一方で、頻繁に変えると改善状況が見えづらくなってしまうため、一定期間を設けた上での見直しが最適です。
② 自社に合ったKPIの設定
KPIを設定する際には、自社のサービスや業務に適しているかをしっかりと判断することが重要です。
企業規模や業界によっても最適なKPIは異なります。また、カスタマーサクセスを強化したい目的によってもKPIは異なります。他社を参考にしながらも、自社の状況に合わせて設定することで、最適なKPIを設定することができます。
③ PDCAを考慮したKPIの設定
KPIを設定する際は、日々のPDCAサイクルにつなげることができるか考慮することがとても大切です。

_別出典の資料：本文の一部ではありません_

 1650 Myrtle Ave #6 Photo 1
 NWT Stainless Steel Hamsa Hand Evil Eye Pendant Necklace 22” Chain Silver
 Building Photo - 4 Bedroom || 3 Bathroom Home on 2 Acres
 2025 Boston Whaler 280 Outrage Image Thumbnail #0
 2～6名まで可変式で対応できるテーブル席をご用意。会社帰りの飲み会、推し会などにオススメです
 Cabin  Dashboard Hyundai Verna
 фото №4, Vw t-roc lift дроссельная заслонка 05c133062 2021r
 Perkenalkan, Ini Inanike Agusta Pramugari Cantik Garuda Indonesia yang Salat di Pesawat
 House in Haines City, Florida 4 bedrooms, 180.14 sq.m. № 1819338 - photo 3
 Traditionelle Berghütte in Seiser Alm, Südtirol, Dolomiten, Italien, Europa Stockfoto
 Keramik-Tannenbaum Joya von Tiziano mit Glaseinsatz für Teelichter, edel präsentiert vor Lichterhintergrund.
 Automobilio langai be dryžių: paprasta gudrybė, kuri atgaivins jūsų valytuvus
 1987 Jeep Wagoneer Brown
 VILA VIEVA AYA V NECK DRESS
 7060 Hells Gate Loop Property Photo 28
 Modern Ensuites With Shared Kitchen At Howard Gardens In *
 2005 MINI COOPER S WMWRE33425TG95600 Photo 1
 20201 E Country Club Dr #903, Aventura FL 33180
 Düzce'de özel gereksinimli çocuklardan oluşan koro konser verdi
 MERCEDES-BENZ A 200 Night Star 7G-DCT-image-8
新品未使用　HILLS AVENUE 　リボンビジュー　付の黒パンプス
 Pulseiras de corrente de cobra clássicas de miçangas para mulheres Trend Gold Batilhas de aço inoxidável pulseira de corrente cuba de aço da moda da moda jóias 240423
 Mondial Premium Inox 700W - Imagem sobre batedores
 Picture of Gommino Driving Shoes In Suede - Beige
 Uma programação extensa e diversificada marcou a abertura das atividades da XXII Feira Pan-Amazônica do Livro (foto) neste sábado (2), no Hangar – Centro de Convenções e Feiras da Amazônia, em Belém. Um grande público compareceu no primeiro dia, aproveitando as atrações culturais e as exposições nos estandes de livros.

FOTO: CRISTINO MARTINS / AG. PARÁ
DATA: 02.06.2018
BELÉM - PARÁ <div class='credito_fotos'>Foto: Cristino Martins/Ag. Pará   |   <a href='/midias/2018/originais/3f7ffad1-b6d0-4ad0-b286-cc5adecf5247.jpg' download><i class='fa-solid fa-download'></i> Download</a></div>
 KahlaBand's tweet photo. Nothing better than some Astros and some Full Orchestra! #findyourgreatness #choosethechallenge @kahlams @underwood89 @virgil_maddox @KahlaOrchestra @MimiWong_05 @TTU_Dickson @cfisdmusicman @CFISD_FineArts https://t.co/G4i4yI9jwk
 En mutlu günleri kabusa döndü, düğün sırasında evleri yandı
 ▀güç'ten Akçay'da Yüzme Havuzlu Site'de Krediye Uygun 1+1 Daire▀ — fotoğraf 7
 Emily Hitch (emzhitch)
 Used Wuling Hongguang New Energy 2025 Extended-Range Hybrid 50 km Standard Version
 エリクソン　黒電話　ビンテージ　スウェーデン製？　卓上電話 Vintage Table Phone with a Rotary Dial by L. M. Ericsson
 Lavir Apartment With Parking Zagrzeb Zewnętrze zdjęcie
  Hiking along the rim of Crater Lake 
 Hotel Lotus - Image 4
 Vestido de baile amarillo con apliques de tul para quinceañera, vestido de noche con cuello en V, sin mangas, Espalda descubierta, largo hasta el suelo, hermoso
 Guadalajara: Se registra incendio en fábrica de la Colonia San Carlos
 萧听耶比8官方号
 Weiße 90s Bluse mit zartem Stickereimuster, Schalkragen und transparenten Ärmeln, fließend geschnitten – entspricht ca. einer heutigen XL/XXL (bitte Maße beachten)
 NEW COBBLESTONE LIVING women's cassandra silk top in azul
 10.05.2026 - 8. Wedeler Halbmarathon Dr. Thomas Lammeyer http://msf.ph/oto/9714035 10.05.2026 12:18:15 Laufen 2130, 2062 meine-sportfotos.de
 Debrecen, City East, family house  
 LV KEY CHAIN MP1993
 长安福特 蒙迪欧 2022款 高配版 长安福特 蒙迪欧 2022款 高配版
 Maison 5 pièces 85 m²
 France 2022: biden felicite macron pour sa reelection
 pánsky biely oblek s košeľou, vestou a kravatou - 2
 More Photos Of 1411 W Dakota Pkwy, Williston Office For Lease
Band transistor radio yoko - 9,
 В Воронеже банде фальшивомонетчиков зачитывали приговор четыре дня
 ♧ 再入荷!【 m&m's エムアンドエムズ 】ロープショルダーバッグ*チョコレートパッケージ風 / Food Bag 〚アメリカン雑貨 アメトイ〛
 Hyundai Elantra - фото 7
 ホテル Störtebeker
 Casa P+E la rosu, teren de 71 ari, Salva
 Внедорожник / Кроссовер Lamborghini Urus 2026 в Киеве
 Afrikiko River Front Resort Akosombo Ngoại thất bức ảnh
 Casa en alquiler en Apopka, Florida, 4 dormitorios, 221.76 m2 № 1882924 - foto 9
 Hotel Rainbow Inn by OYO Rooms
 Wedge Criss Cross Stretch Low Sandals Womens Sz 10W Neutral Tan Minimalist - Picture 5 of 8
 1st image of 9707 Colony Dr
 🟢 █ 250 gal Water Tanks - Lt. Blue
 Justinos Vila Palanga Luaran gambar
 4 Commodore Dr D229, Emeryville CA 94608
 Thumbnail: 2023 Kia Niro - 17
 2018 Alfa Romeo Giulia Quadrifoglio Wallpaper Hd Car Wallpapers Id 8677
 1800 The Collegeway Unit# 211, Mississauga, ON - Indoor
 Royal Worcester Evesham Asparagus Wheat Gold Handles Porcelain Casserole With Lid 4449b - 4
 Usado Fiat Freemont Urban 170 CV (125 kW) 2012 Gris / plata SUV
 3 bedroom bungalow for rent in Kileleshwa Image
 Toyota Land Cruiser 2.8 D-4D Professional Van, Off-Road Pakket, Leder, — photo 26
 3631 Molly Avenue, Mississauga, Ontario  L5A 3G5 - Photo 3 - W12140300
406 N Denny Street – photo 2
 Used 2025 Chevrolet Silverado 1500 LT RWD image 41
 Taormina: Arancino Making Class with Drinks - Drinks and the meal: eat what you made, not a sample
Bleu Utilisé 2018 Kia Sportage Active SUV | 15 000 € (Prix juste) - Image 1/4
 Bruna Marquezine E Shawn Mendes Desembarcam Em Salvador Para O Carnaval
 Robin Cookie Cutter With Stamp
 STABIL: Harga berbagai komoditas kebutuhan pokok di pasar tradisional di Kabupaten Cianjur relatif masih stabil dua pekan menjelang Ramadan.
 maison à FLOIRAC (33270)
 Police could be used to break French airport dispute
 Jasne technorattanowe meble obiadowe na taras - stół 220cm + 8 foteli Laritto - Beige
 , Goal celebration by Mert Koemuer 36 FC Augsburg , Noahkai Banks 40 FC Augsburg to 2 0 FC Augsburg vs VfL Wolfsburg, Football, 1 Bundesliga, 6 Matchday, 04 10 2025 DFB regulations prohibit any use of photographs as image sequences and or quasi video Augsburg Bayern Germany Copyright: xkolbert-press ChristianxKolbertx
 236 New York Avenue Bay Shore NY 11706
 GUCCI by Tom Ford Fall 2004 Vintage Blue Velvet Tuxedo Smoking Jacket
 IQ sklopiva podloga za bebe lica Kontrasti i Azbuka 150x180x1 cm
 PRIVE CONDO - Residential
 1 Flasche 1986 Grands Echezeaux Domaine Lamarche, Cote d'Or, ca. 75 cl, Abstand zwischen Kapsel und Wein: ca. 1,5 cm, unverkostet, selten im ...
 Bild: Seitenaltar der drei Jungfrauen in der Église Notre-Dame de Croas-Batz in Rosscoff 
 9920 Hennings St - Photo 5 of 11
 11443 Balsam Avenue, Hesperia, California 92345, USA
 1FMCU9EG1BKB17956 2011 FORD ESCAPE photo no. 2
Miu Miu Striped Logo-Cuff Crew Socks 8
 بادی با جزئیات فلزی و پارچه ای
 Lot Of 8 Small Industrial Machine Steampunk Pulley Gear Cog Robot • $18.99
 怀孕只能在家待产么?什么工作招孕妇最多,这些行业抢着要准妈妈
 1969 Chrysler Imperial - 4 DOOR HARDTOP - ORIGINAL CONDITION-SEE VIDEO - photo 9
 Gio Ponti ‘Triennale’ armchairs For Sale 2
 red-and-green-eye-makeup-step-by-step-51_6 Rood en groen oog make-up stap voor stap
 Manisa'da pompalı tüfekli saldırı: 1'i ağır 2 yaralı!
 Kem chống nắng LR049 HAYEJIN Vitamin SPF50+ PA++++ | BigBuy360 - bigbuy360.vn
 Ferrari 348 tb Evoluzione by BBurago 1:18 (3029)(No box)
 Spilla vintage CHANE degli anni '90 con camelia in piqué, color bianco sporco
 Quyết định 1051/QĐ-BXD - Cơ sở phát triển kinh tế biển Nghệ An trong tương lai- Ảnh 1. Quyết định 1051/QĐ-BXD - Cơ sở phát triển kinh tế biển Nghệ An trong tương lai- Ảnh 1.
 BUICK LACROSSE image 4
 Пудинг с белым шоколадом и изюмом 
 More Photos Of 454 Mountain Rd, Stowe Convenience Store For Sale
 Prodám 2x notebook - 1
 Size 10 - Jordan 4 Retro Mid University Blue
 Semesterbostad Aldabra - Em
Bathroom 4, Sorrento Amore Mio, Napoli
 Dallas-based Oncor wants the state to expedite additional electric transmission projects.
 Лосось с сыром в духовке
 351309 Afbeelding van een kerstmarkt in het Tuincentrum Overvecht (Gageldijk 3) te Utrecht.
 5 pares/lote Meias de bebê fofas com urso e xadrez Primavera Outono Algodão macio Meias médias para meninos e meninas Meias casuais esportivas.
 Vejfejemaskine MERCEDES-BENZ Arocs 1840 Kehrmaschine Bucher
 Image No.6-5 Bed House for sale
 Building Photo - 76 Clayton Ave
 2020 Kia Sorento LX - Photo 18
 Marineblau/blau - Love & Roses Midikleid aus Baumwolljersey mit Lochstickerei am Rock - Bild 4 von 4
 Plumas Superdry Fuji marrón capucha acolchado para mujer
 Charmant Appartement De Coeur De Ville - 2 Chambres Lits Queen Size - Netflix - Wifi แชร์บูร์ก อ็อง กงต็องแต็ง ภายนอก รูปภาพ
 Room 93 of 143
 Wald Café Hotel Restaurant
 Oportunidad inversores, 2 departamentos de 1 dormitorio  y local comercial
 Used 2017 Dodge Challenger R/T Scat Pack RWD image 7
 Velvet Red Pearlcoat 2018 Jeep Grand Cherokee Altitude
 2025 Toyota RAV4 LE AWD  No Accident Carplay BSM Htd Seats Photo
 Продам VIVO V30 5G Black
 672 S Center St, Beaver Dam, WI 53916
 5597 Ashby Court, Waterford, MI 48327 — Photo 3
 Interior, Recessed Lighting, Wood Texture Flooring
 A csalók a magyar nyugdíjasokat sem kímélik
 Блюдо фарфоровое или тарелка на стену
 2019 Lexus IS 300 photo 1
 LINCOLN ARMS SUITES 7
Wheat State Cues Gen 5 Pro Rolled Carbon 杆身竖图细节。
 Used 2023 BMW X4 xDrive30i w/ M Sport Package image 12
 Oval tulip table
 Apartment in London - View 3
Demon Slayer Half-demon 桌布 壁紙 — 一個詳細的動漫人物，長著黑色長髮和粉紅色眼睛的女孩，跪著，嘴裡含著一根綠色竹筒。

たとえば、KPIに解約率のみを設定した場合、アクションの結果を判断できるのは契約更新時のみとなります。そのため、長期スパンのPDCAしか回せず、お客様の状況をタイムリーに把握しづらくなってしまいます。
そのためKPIは短期的に確認できる指標も取り入れることで定期的に数値の推移を確認することができ、日々のPDCAサイクルが回しやすくなります。
④ KPIがKGI(重要目標達成指標)につながっているか
KGIとは、「Key Goal Indicator」の略称で、「重要目標達成指標」とも呼ばれています。KPIが目標値に対する中間指標であるのに対し、KGIは最終目標が達成されているかを判断する指標となっています。
たとえば、「3年以内に25%売上をアップ」がKGIの一例です。具体的な数値や期限を設定することが重要です。最終目標であるKGIにつながるKPIを設定することで、KGIの達成に近づくことができます。
カスタマーサクセスにKPIを取り入れることで企業価値を高める

カスタマーサクセスでKPIを設定して取り組むことで、顧客満足度を高め、安定した企業収益の確保につなげることができます。